* **Task brief**
Starting at the top of the entries below, write out each line up to and including the one containing "Black 'LIL BRO'". Leave the pictures out.

* **Information supplied**
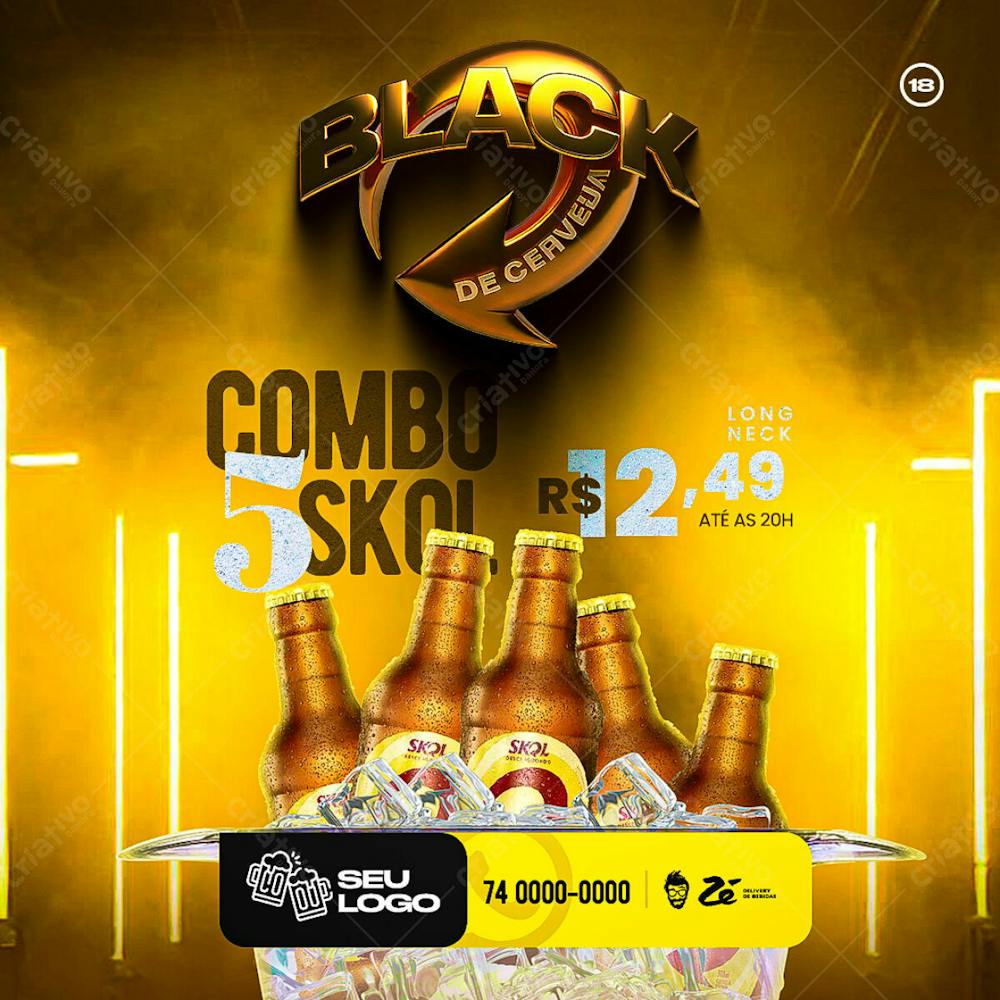 Social Media Black Friday Distribuidora De Cerveja Skol Feed Psd Editável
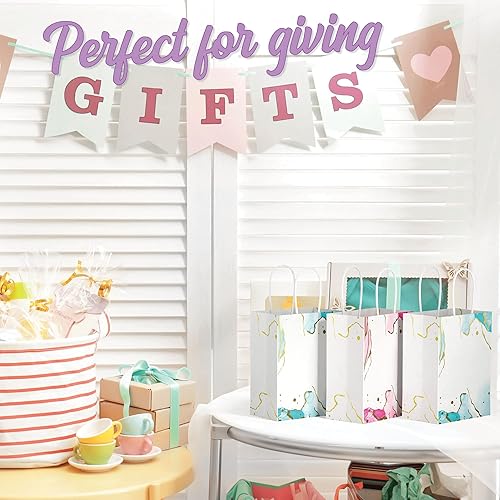 Miniatura 7 de HOUMY Bolsas de regalo de papel de diseñador con asas, diseño de patrón de mármol, base reforzada, caja de regalo de lujo para bodas, cumpleaños y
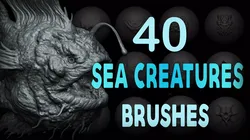 Zbrush and Blender - Sea Creatures VDM Brush 3D model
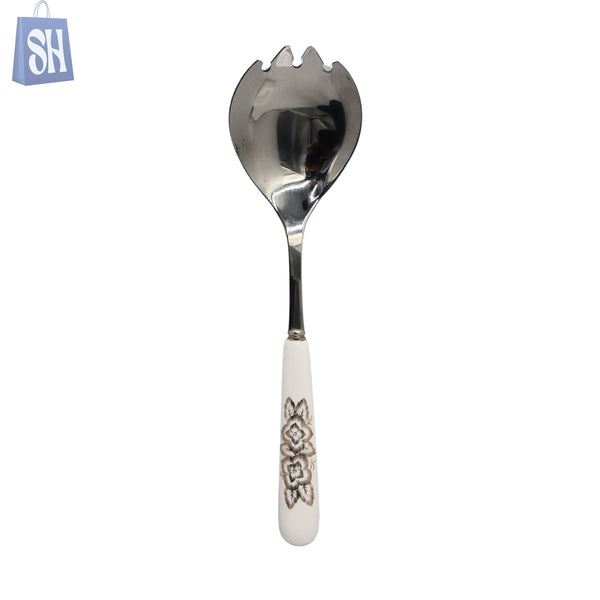 ملعقة تقديم بتصميم أنيق ومقبض مزخرف بالزهور
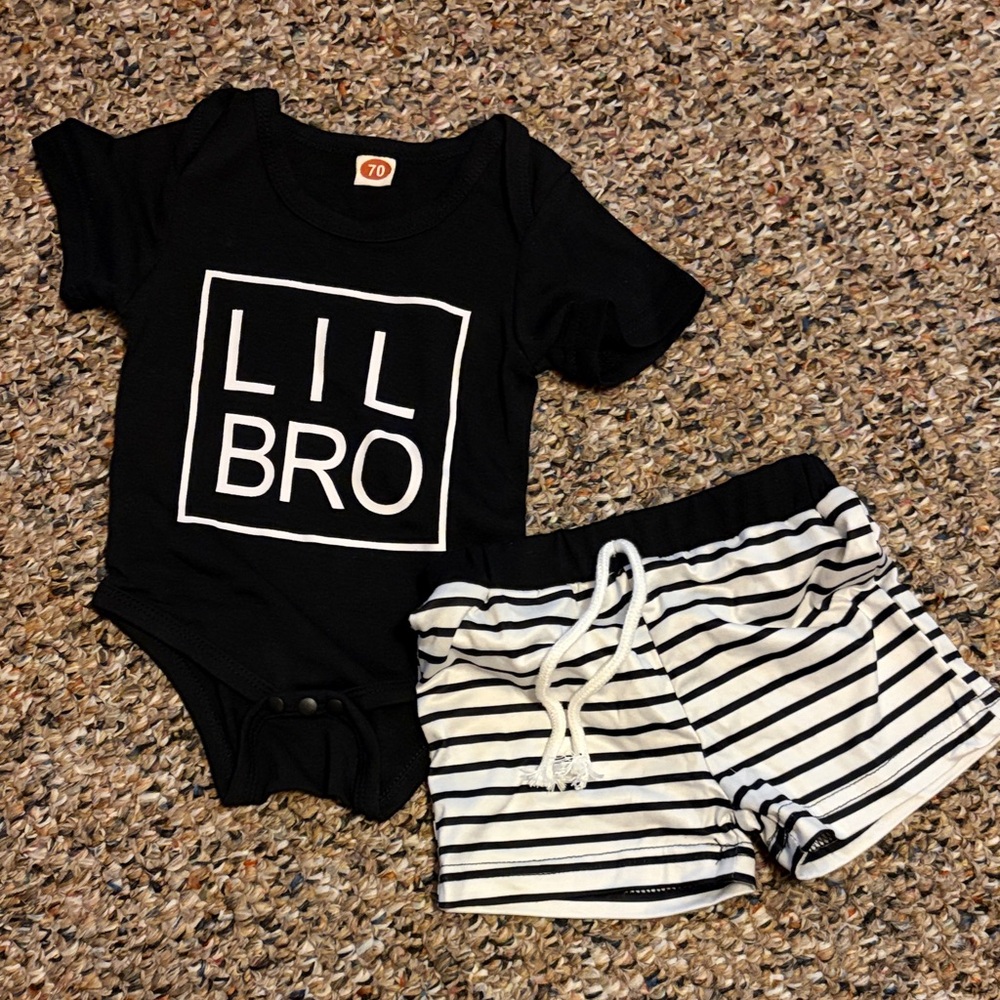 Black 'LIL BRO' Graphic Baby Onesie with Striped Shorts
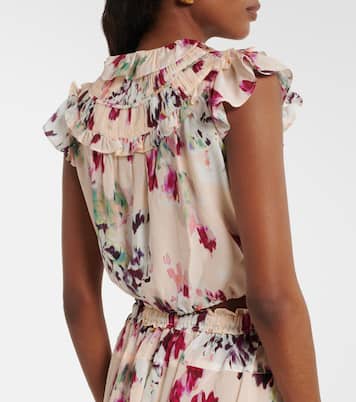 Eleonore floral ruffled silk crop top  | Ulla Johnson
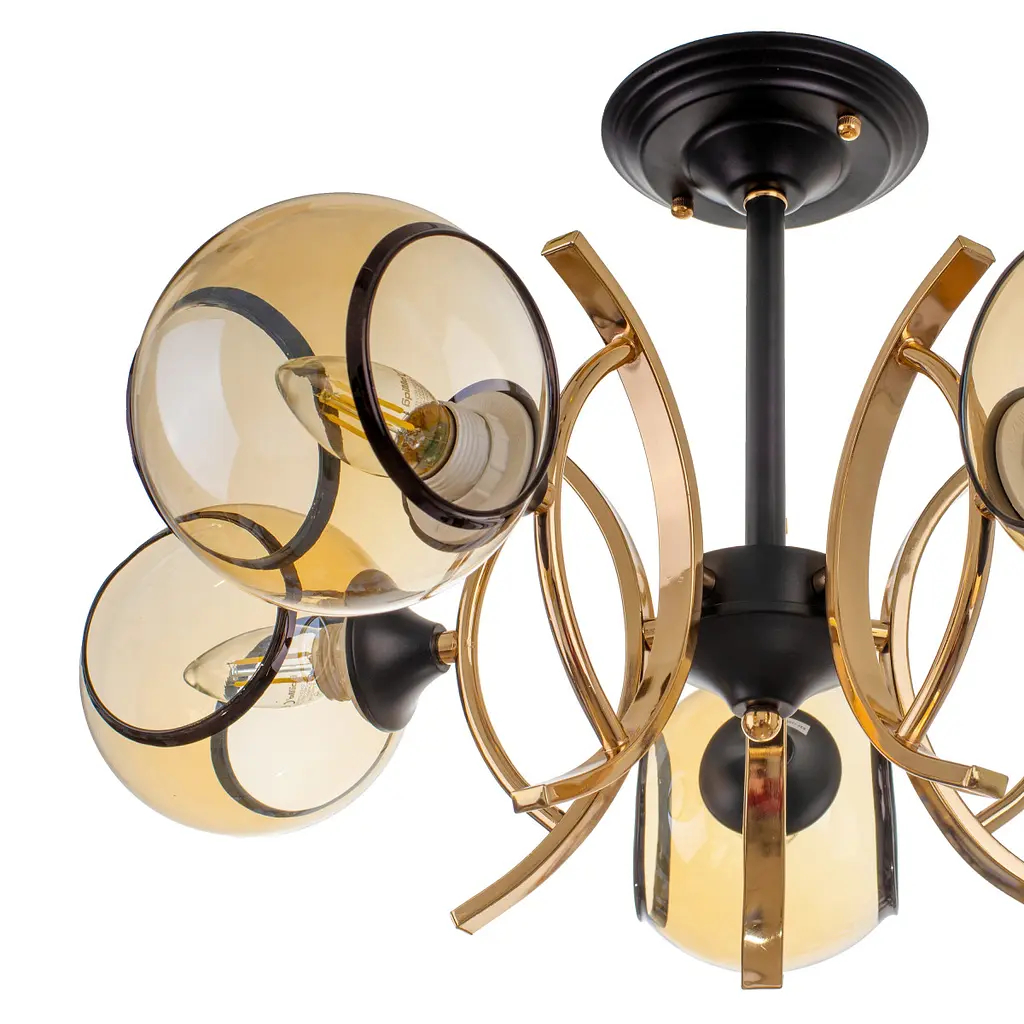 Люстра потолочная Brille в спальню E27 60W BK (LK-700S/5) - фото 6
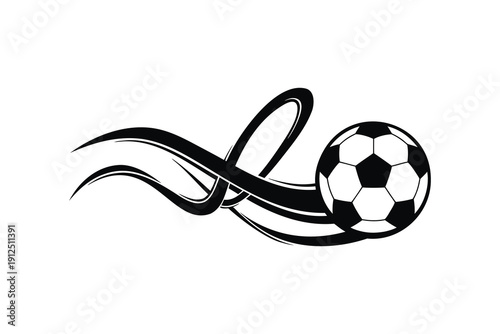 Soccer Ball Ribbon Curve Vector – Stylized Black and White Swoosh Design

* **Answer to the problem**
 Social Media Black Friday Distribuidora De Cerveja Skol Feed Psd Editável
 Miniatura 7 de HOUMY Bolsas de regalo de papel de diseñador con asas, diseño de patrón de mármol, base reforzada, caja de regalo de lujo para bodas, cumpleaños y
 Zbrush and Blender - Sea Creatures VDM Brush 3D model
 ملعقة تقديم بتصميم أنيق ومقبض مزخرف بالزهور
 Black 'LIL BRO' Graphic Baby Onesie with Striped Shorts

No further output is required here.